**Exercise instructions**
Below are some entries. Return exactly the lines from the one with "Birkenstock Arizona Soft" through the final line, leaving out any pictures.

•••

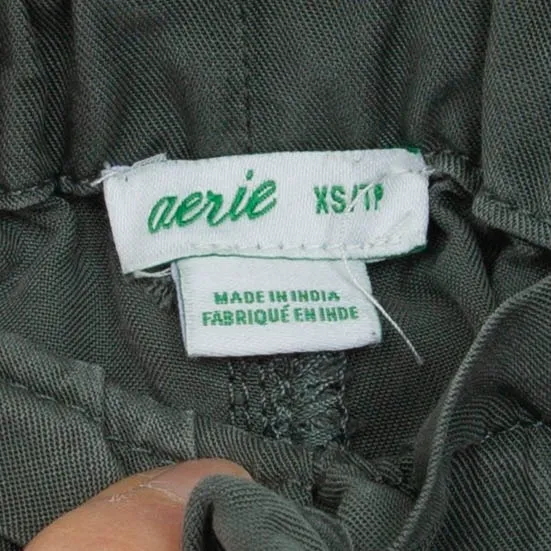 Aerie‎ Womens Paperbag Shorts Size XS Green Lyocell Tie Waist Casual Lightweight - Image 3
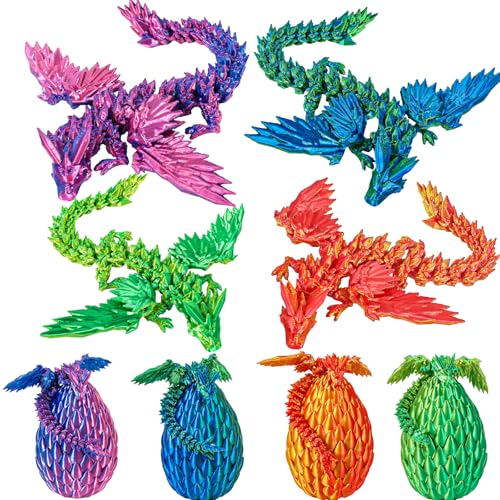 Yearsahrk Drachenei mit Drache 3D Gedrucktes Drachenei Dracheneier Spielzeug 3D Drachen Figuren Weihnachten Geschenk Oster körbchen Füller Home Office Dekor (4 Stück.A) von Yearsahrk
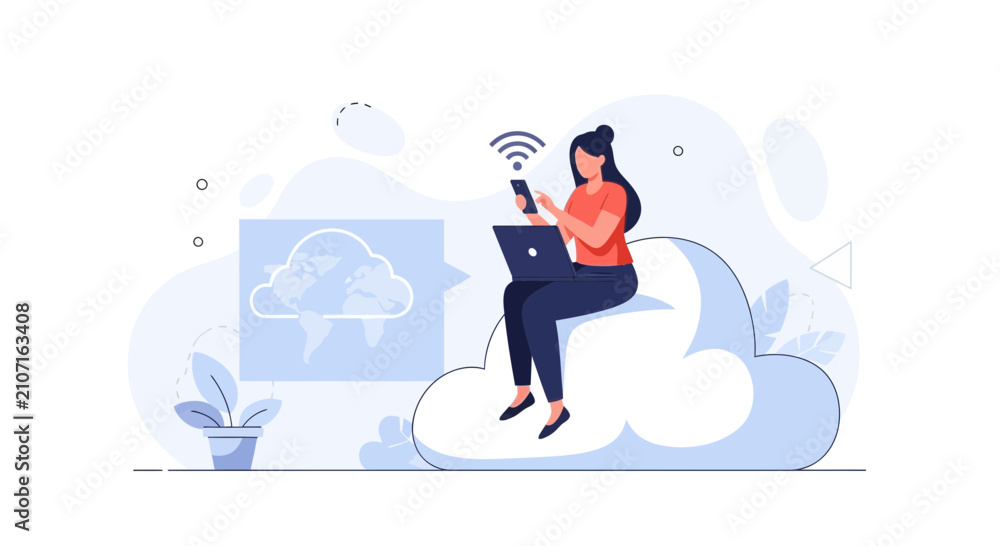 Obraz premium Woman using laptop and phone while sitting on a cloud, concept of cloud computing and global connectivity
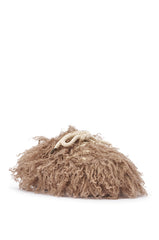 AKIRA GOLD DELULU TAUPE FUR LACE FLAT SLIPPER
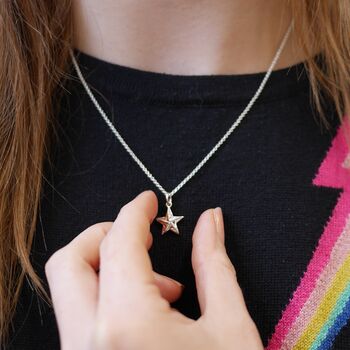 Sterling Silver Origami Star Necklace, 3 of 7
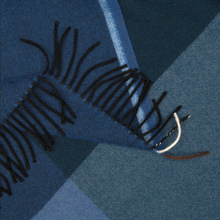 Load image into Gallery viewer, Colour Block Blankets coperta nero-blu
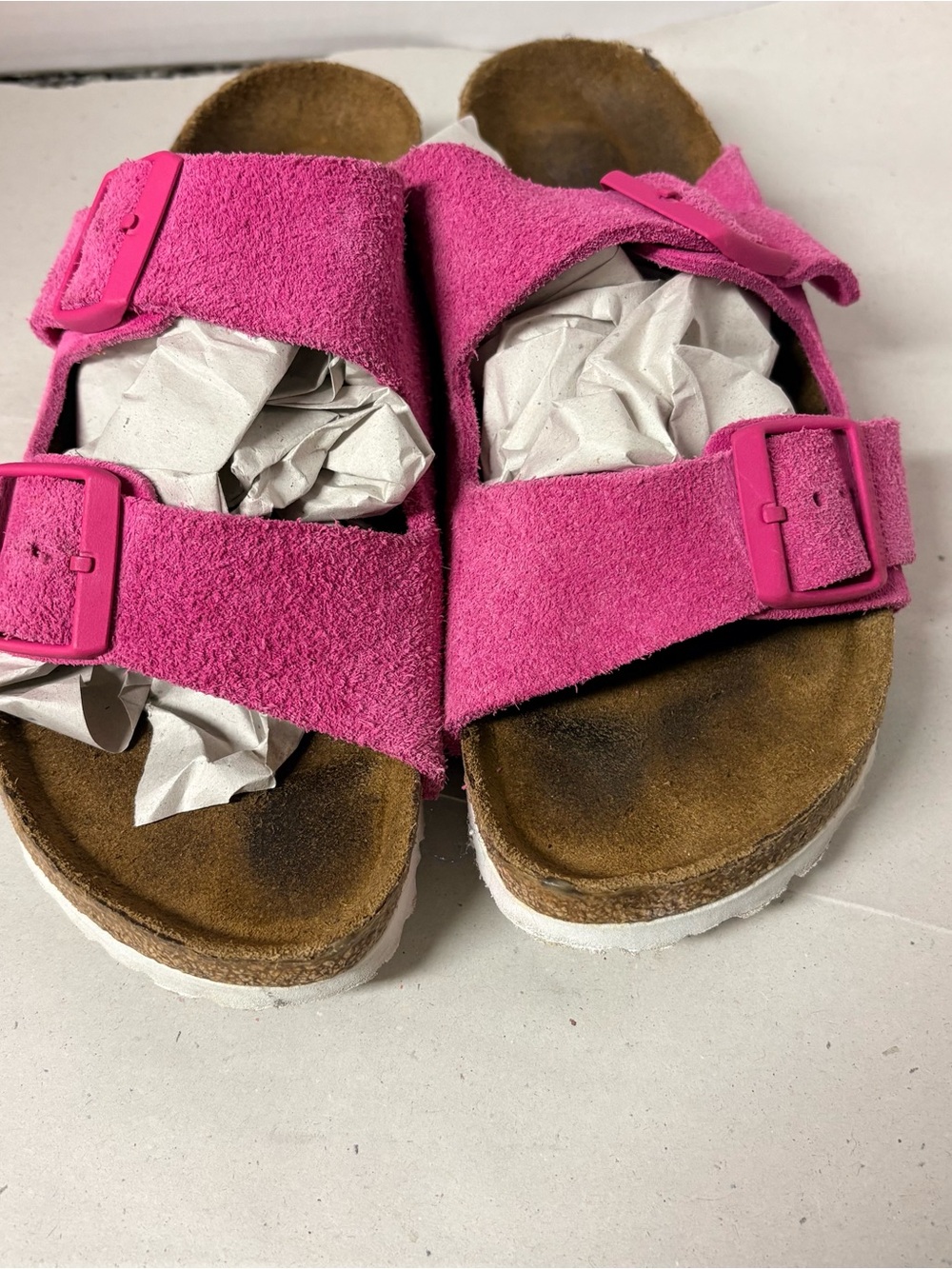 Birkenstock Arizona Soft FootBed Suede Double-Buckle Sandals in Pink
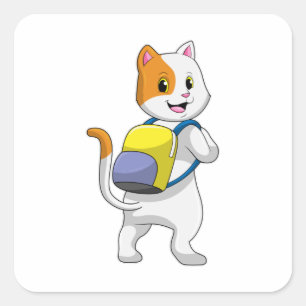 Katze als Hiker mit Rucksack Quadratischer Aufkleber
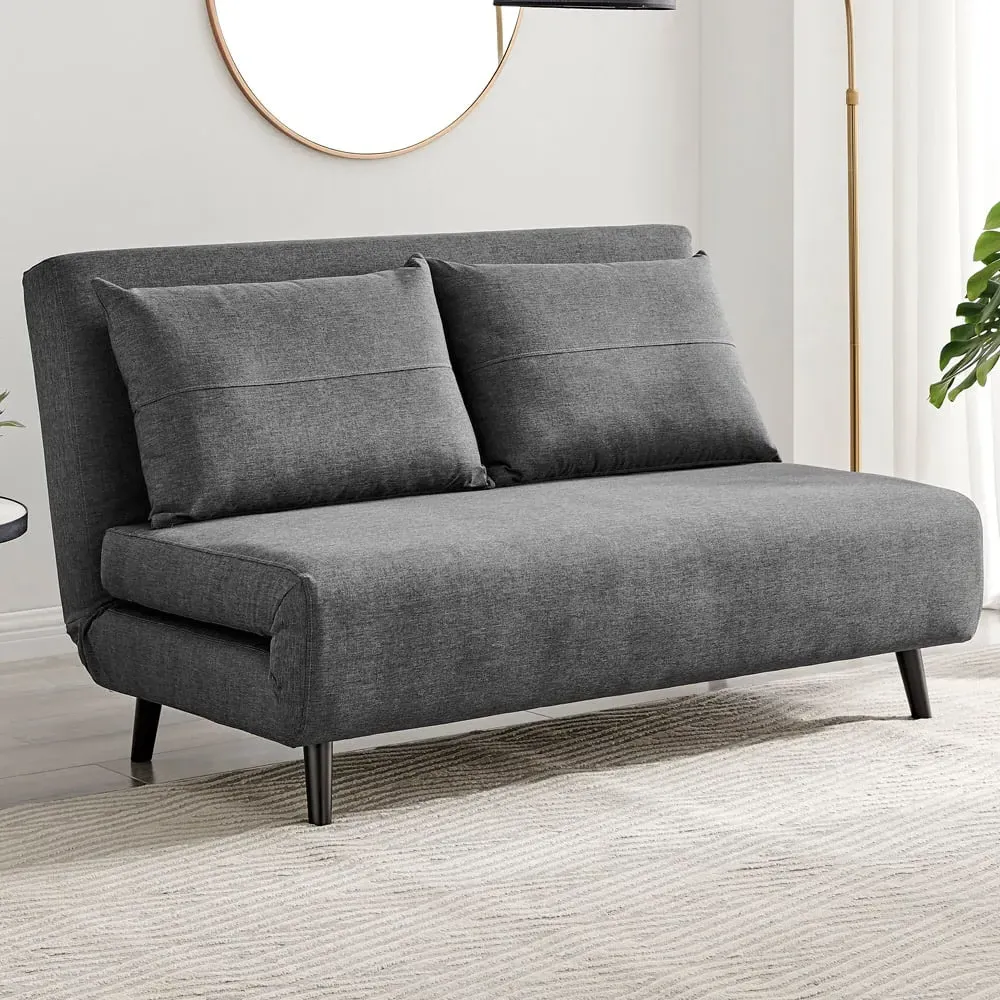 Billie 2-Seater Sofa Bed with Click-Clack - Grey, Fabric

•••

**Answer to this exercise**
 Birkenstock Arizona Soft FootBed Suede Double-Buckle Sandals in Pink
 Katze als Hiker mit Rucksack Quadratischer Aufkleber
 Billie 2-Seater Sofa Bed with Click-Clack - Grey, Fabric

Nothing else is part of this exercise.